For a clean and layered effect, as well as an additional means to insulate from light and noise, Curtain World says you can opt for blinds instead of sheers underneath curtains. We decided long ago not to add a lot of holes in our window moldings and discovered that suspending roman blinds on tension rods did the trick. (They were the thing that allowed us to skip drapes on the side window.) It's simple to adjust their height and placement — at times we put them at the top of the window frame, and other times in the center. The color ties in the area rug without contributing busyness, and additionally, they appear throughout our house, creating a cohesive scheme from room to room. If we could pass on one easy and budget-friendly tip, it would be ready-made roman blinds on tension rods.

Hanging onto an idea

Back in our space, we couldn't do a thing yet. We needed rods with brackets and decorative clip-on rings before the curtains could be installed. Ours had pole pockets but we prefer a more tailored look, so we attempted to mimic the undulation of more expensive, pleated drapes by hanging them from the pole on rings. The internet is full of inspiration and design cheats like that. Remember to factor the hardware into your final cost. Once again, as with curtains, there is a wide array of styles and pricing. We opted for inexpensive hardware, but the devil is in the details and we do have a bit of regret (though nothing to lose sleep over).

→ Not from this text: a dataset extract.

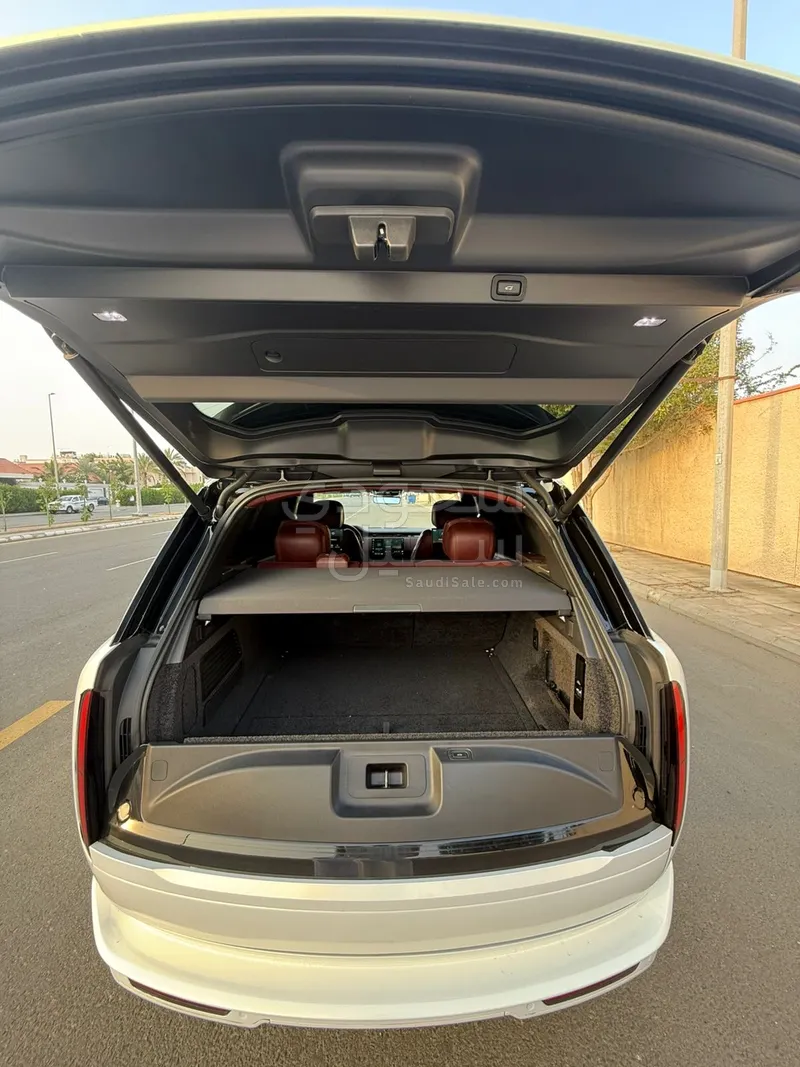 2023 لاند روفر رينج روفر فوج اوتوبيوغرافي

The drapes were too long, as we knew they would be, so we tried the puddle. It's not perfect but we don't mind. And we lucked out with three of four panels concealed at the bottom behind furniture. We thought they would be dust magnets, but they're fine provided the floor underneath is vacuumed regularly.

The only curtain maintenance is the twice-yearly switch-out, and a fix every morning after one of us has pulled them closed for the night, something we've grown to accept. We roll the off-season panels loosely around a shipping tube; Centurion Window Fashions says folding causes creasing, and they also suggest cleaning them before storing. While they're easily accessible, we might wash the windows. Or not. One step we can't neglect is marveling at the transformation.